Auto-masking is also possible in combination with multi-scale cleaning, and is in fact one of WSClean’s major improvements over other multi-scale algorithms, in terms of deconvolution quality (as was shown in Offringa & Smirnov 2017), and does even better than compressive sensing algorithms algorithms in terms of residual RMS (but not always in terms of model image quality). Because thresholds are calculated automatically, a cleaning mode such as the following command works often well without further tweaking:

wsclean -multiscale -auto-threshold 1 -auto-mask 5 \
  -niter 1000000 -mgain 0.8 \
  -scale 1amin -size 4096 4096 obs.ms

For more info about masking, see the chapter on masks and auto-masking.

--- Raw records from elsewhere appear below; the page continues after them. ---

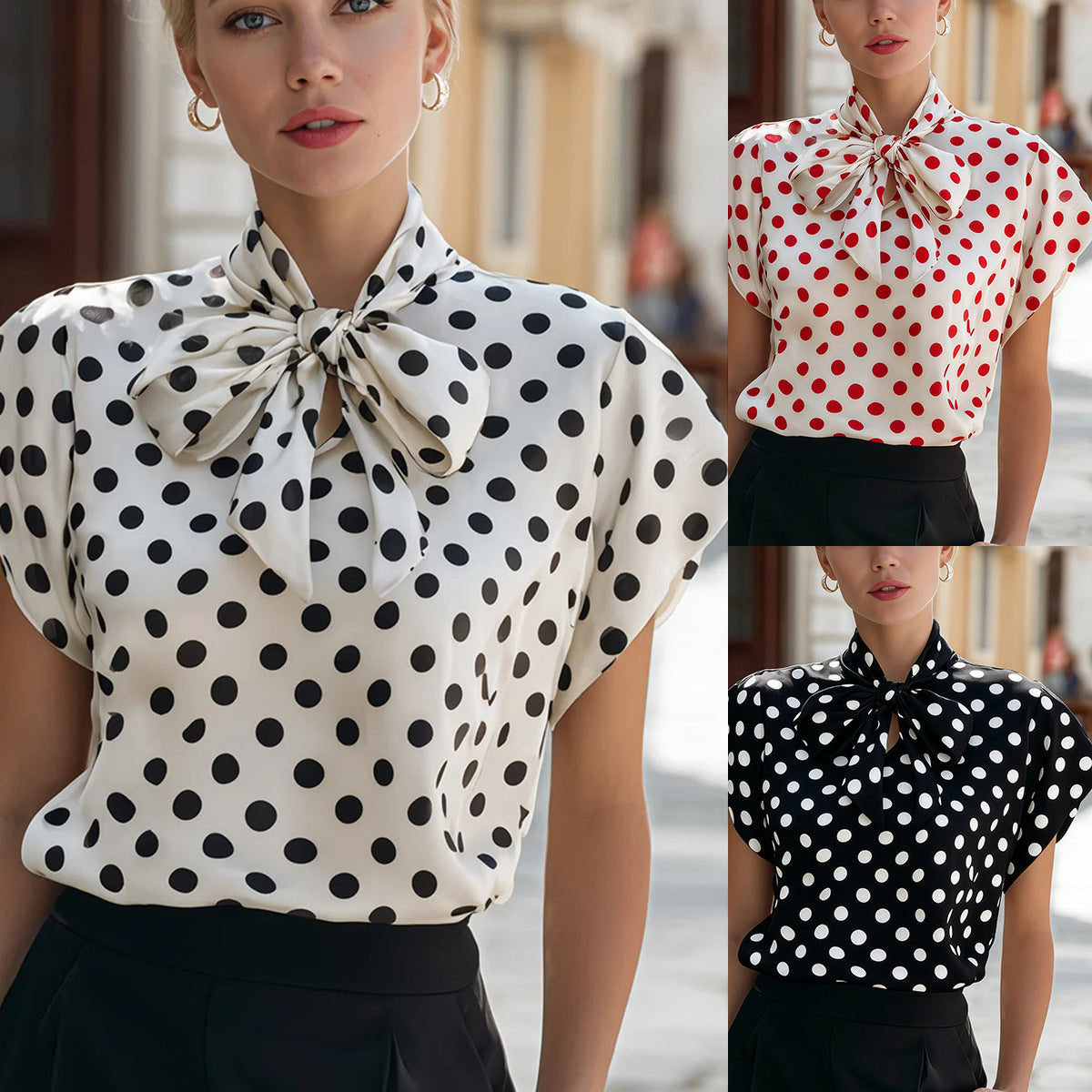 Bow collar polka dot short sleeved top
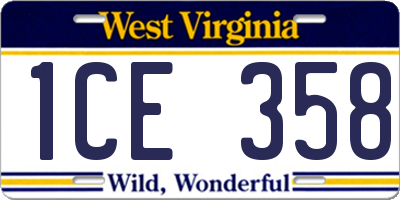 WV license plate 1CE358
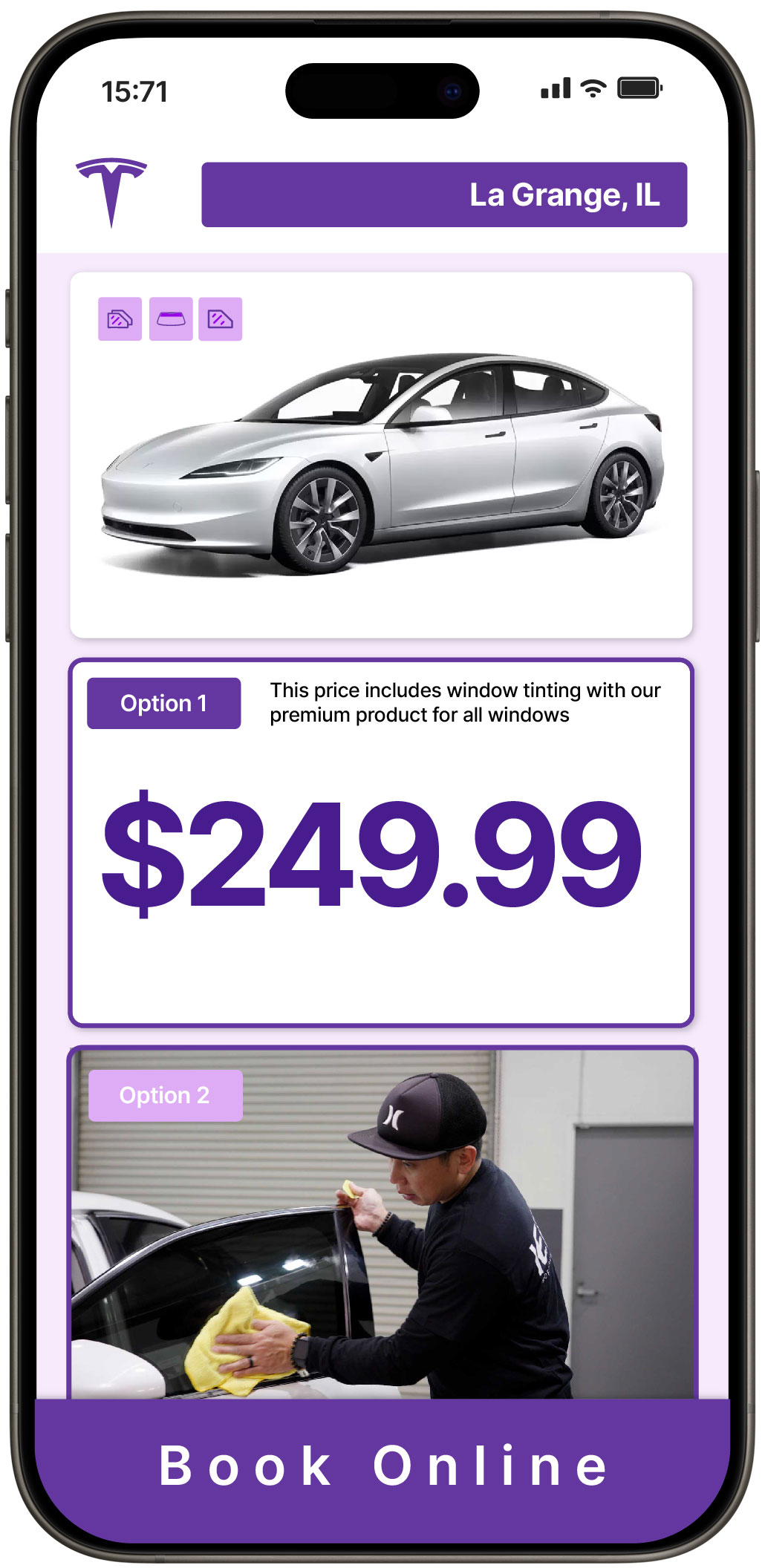 View Affordable Tesla Window Tinting Rates in La Grange, Illinois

Adaptive-scale pixel algorithm¶

WSClean supports a variant of multi-scale called adaptive-scale pixel (ASP), originally described in Bhatnagar & Cornwell (2004). Similar to the multi-scale algorithm, ASP starts by finding the brightest scale from a set of pre-selected Gaussian scales. Once found, ASP performs an additional fitting procedure to fit the position, Gaussian axes and strength of the found shape (taking into account the shape of the point-spread function).

ASP can be simple enabled by adding -asp to the command line, e.g.:

wsclean -asp -auto-threshold 5 -niter 1000000 -mgain 0.8 \
  -scale 1amin -size 1024 1024 obs.ms

The advantage of ASP is that it can more accurately fit certain source components, particularly elliptical shaped ones. This freedom can also be a downside, causing over-fitting or mis-fitting of the Gaussian. For example, in complex shapes with sharp edges, ASP can produce very elliptical, thin components that “overshoot” at the feature’s edges.

WSClean supports multi-frequency and multi-polarization ASP, and it allows the use of the parallel deconvolution option. These are extensions of the original ASP algorithm. The ASP algorithm is very slow; it is not uncommon to take more than 100x to 1000x more time than WSClean’s multi-scale algorithm. This is in part because no real scenarios were found in which it outperformed multi-scale, hence not a lot of effort was spent on making the algorithm faster. There may nevertheless be some cases, particular with very smooth sources, in which ASP may perform better than multi-scale in terms of accuracy.

The ASP algorithm in WSClean does not support auto-masking. One reason for this is that with ASP, every found component will be a unique component. Hence, to limit the deconvolution to the set of already found components does not have as much benefit as it has for multi-scale. Auto-masking is an important improvement to the accuracy of multi-scale, and the lack of auto-masking in ASP is another reason why it is hard to get better results with ASP, compared to multi-scale clean.

References¶

A first multi-scale algorithm was described by Cornwell (2008). WSClean implements an alternative to this algorithm, that is significantly faster and has support for multi-frequency deconvolution. It is described in Offringa and Smirnov (2017).

History¶

This section will describe the multi-scale algorithm introduced in WSClean 1.9. Previous WSClean versions had a different multi-scale implementation, which is now deprecated.